实验原址:mit 6.824 Lab2 Raft
中文翻译:mit 6.824 Lab2 翻译
Raft论文: In Search of an Understandable Consensus Algorithm
Raft论文翻译:(zhuanlan.zhihu.com/p/524885008)
介绍
Lab 2B 的实验,是实现Raft的核心:日志复制部分。当一笔请求到达整个集群,Raft通过复制日志的方式,来达成共识。当一台机器挂了之后,其余的机器都可能当选Leader,并且数据不会丢失。
实现依旧按照Raft论文的图figure2来。如果发现一些特别奇怪的Bug,先读论文,看看自己想的,和论文的描述是否存在出入。 
核心AppendEntries RPCs
可以叫做日志复制请求,也可以叫做心跳请求。
定义
go
type AppendEntriesArgs struct{
Term int // leader's term
LeaderId int
PrevLogIndex int
PrevLogTerm int
Entries []LogEntry // empty for heart beat
LeaderCommit int
}
type AppendEntriesReply struct{
Term int
Success bool // log match
//fast return
XTerm int // term in the conflicting entry (if any)
XIndex int // index of first entry with that term (if any)
XLen int //slog length
}发送心跳函数
易错点:何时发送日志?
If last log index>= nextIndex for a follower,AppendEntries RPC with log entries starting at nextIndex
在发送AE RPCs的时候,检查是否需要发送日志。
注意,不仅仅是发送一条日志,而是从nextIndex[i] 开始一直到末尾的日志。 如果没有日志,也依旧需要发送请求。
发送AE RPC
go
//周期心跳函数
func (rf*Raft) cycleAppendEntries(){
rf.nextBeatTime = time.Now()
for !rf.killed() {
rf.mu.Lock()
// if the server is dead or is not the leader, just return
if rf.state != Leader{
// 不是leader则终止心跳的发送
rf.mu.Unlock()
return
}
if !time.Now().After(rf.nextBeatTime){
rf.mu.Unlock()
continue
}
for i := 0; i < len(rf.peers); i++ {
if i == rf.me {
continue
}
reply := AppendEntriesReply{}
args := AppendEntriesArgs{
LeaderId : rf.me,
Term : rf.currentTerm,
LeaderCommit: rf.commitIndex,
PrevLogIndex: rf.nextIndex[i] - 1,
}
flag := false
//如果发送时,发现要发送的日志存在于快照中
if args.PrevLogIndex < rf.lastIncludedIndex {
flag = true
//If last log index>= nextIndex for a follower,AppendEntries RPC with log entries starting at nextIndex
}else if rf.ToVirtualIndex(len(rf.logs) - 1) > args.PrevLogIndex {
args.Entries = rf.logs[rf.ToRealIndex(args.PrevLogIndex+1):]

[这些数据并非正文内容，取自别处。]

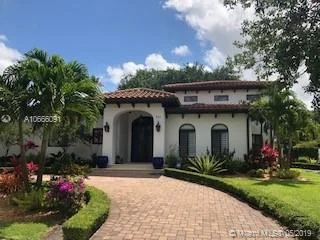 381 Navarre Dr, Miami Springs FL 33166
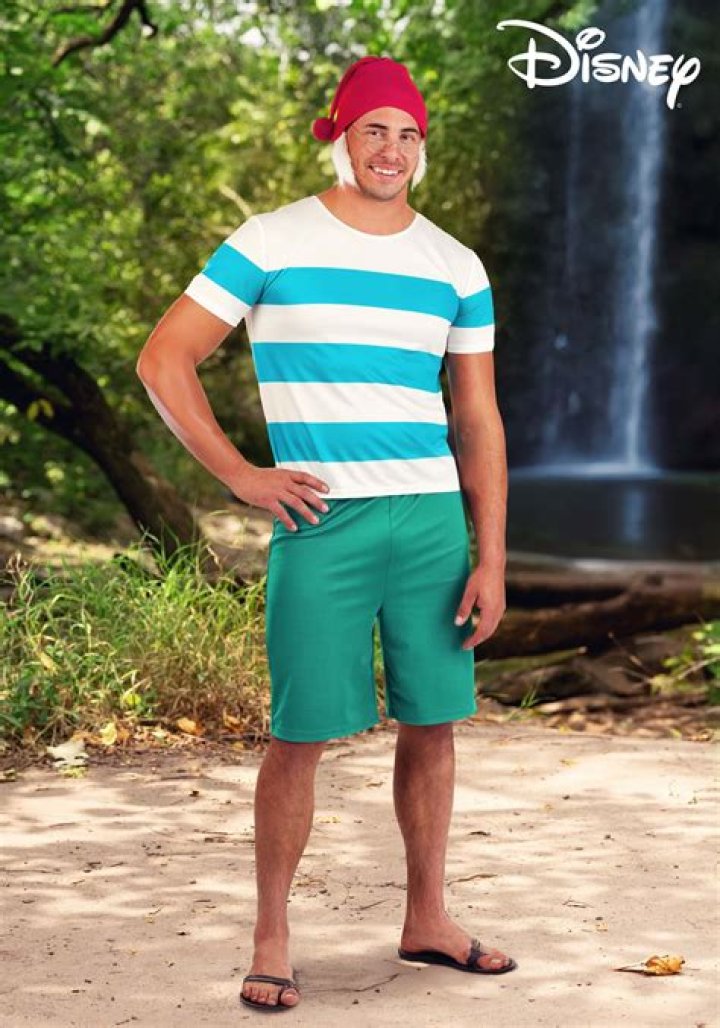 Find the Perfect Mr Smee Costume: Unveil Your Inner Pirate!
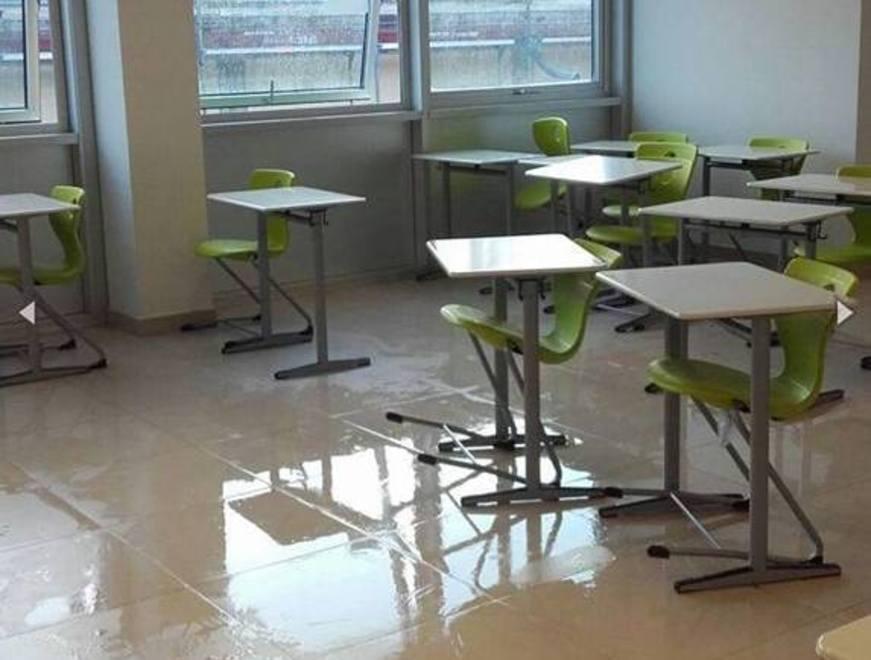 La scuola nuova si è già allagata 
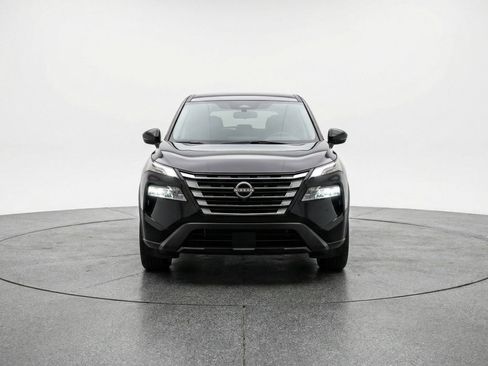 Used 2025 Nissan Rogue SV AWD/4WD image 2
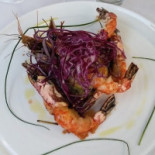 La Signora In Rosso food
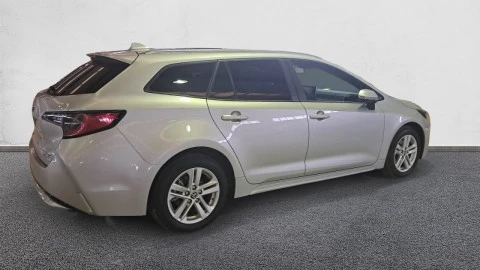 Toyota Corolla 1.8 125H BUSINESS PLUS E-CVT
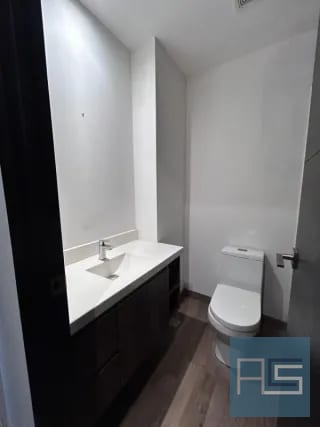 Amplio apartamento en venta de 2 hab en zona 10 — Apartamento en Venta en Zona 10, Guatemala, Ciudad — miniatura 11 de 17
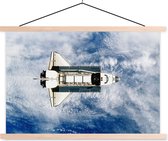 Posterhanger incl. Poster - Schoolplaat - Space shuttle vliegt hoog in het heelal - 150x100 cm - Blanke latten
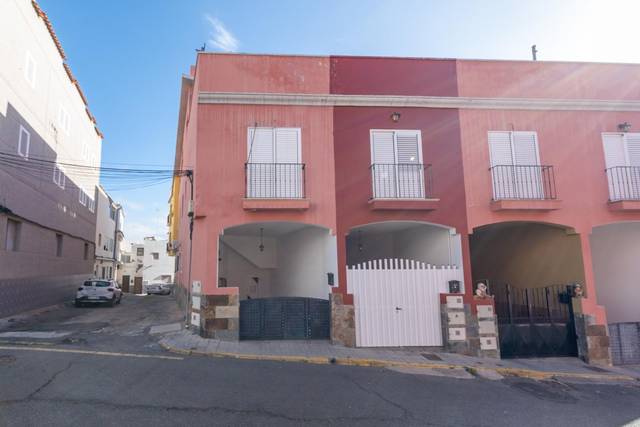 Casa-chalet en Venta en Marconi, 29 en Ingenio pueblo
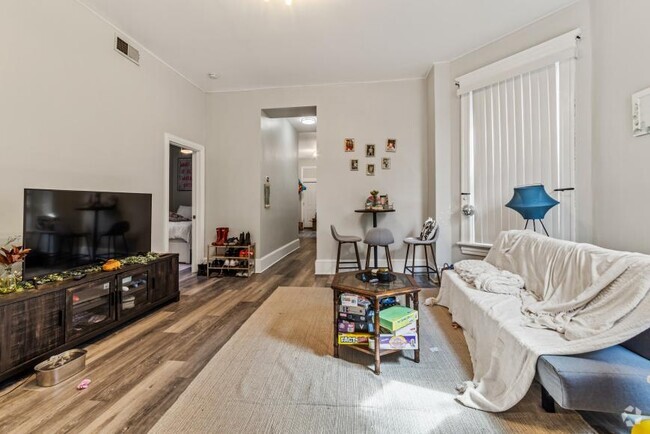 Building Photo - 4 bedroom in Chicago IL 60622 Unit 3 Rental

DPrintf("Server %v Send AE Args %v To %v",rf.me,args,i)
}else {
args.Entries = make([]LogEntry,0)
}
if flag {
go rf.SendInstallSnapshot(i)
}else{
args.PrevLogTerm = rf.logs[rf.ToRealIndex(args.PrevLogIndex)].Term
go rf.SendAppendEntries(i,&args,&reply)
}
}
rf.nextBeatTime = time.Now().Add(time.Duration(HeartBeatInterval)*time.Millisecond)
rf.mu.Unlock()
}
}处理AE RPC
此处紧紧跟着figure2的描述。下面是个人理解的每一句话,这些都要在代码中体现。注意,图中Reply false是立即返回的意思。

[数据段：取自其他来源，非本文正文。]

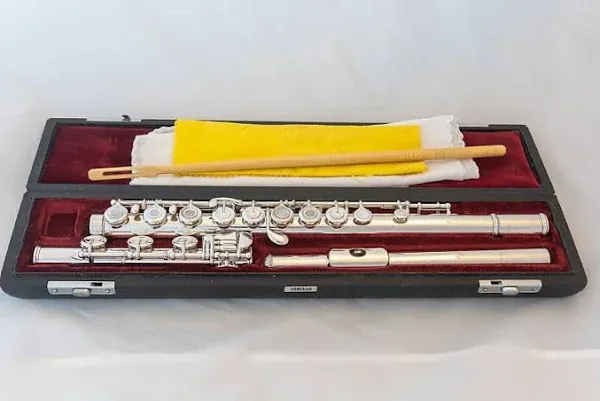 Yamaha Professional Flute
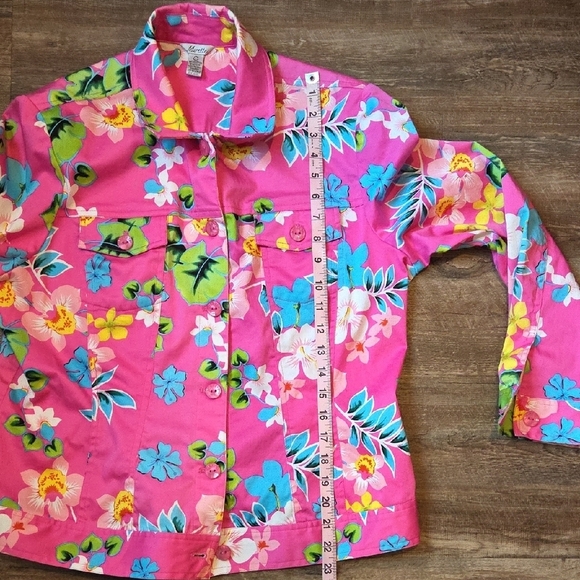 Mirette Pink Jacket With Blue , Green And Yellow Floral Pattern Size Large - Picture 10 of 12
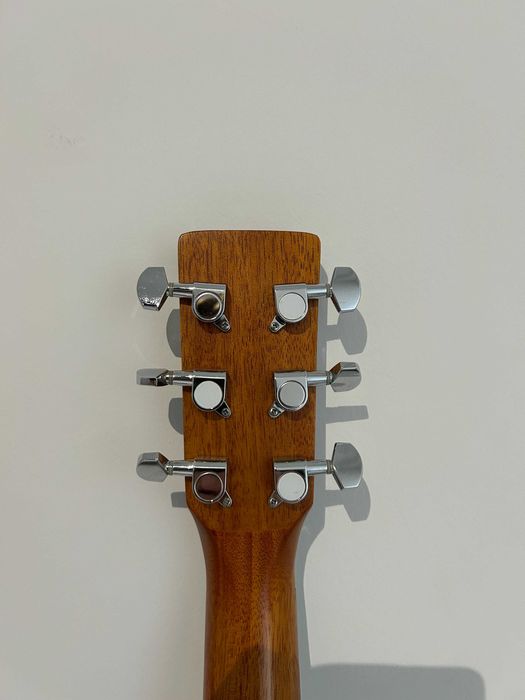 SX acoustic guitar steelstring excellent condition 130,-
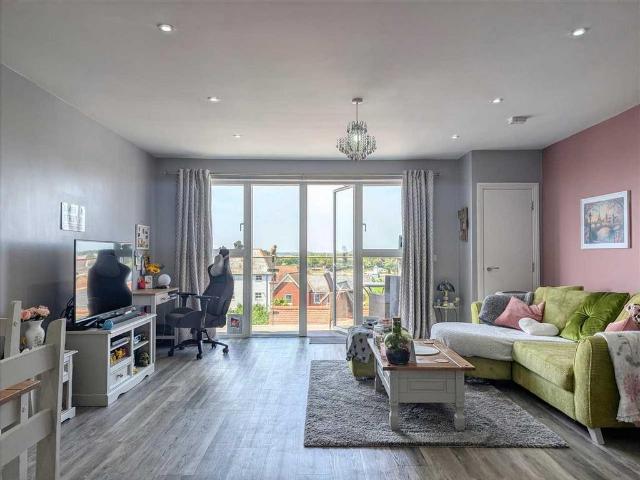 Flat for sale in Brightlingsea, Dale Hill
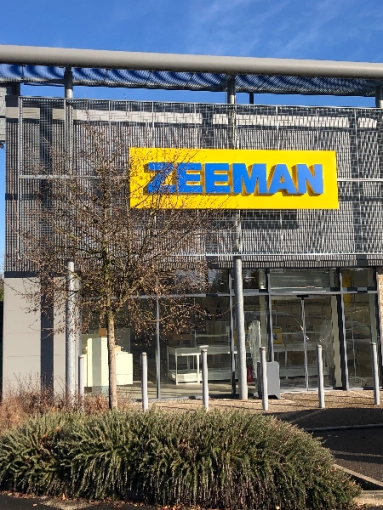 Minimalist, Contemporary, Retail / store, Buildings Open to the Public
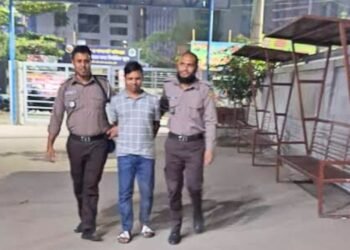 পরীক্ষার হলে নকল ধরায় পরীক্ষককে হেনস্তা করা সেই শিক্ষার্থী গ্রেপ্তার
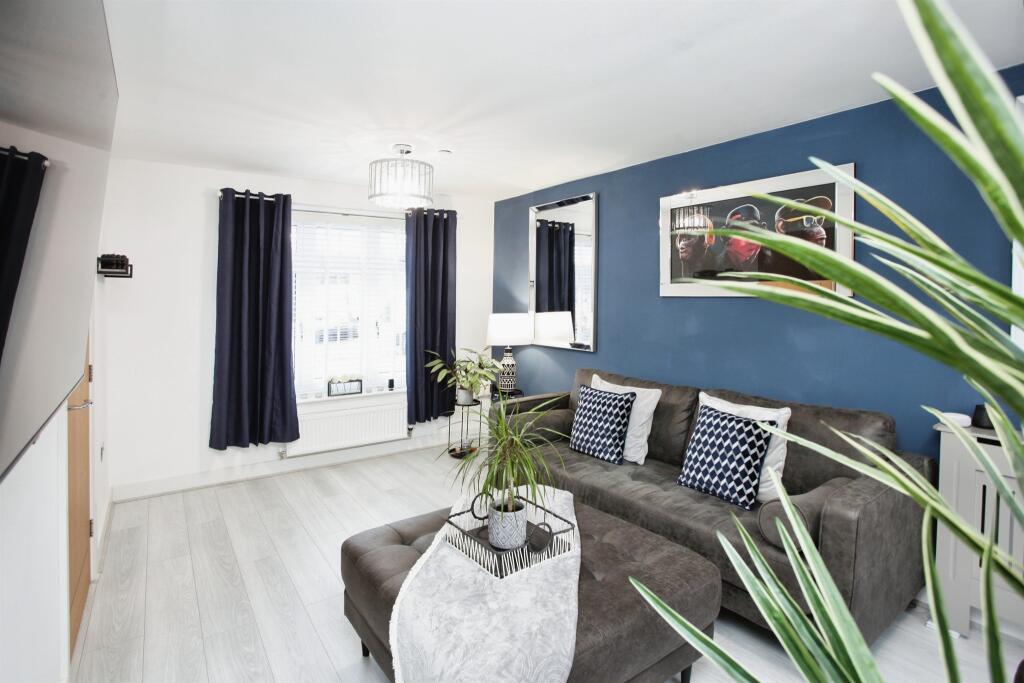 Additional image 4 of Comin Y Coed, Tonyrefail, Porth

- Reply false if term < currentTerm
- Reply false if log doesn't contain an entry at prevLogIndex whose term matches prevLogTerm
此处是进行一致性检查,一致性检查就像是一个归纳步骤一样,从一开始,就检查上一个日志是否正确,然后才进行日志追加,所以到后面任意一条日志,都只需要检查前一个index是否存在Term即可。- If an existing entry conficts with a new one(same index but different terms) delete the existing entry and all that follow
注意,前提是PrevIndex 与 PrevTerm匹配,才走到这。- append any new entries not already in the log
此处需要格外注意 "new"这个词。虽然上两步成功了,但是不排除这是旧的PRC,因此需要判断Follower中的日志,与args中的日志谁更新。- If leadrCommit > commitIndex, set commitIndex = min(leaderCommit,index of last new entry)
go
func (rf*Raft) HandlerAppendEntries(args*AppendEntriesArgs, reply * AppendEntriesReply){
rf.mu.Lock()
// 1. Reply false if term < currentTerm
if args.Term < rf.currentTerm {
DPrintf("Old Leader %v ",args.LeaderId)
reply.Success = false
reply.Term = rf.currentTerm
rf.mu.Unlock()
return
}
//All Servers: If RPC request or resopnse contains term T > currentTerm: set currentTerm = T, convert to follower
//有效的投票,或者有效的AE,都要更新时间戳
rf.stamp = time.Now()
if args.Term > rf.currentTerm {
rf.currentTerm = args.Term
rf.state = Follower
rf.voteNum = 0
rf.votedFor = None
rf.persist()
}
DPrintf("Server %v Term:%v\n",rf.me,rf.currentTerm)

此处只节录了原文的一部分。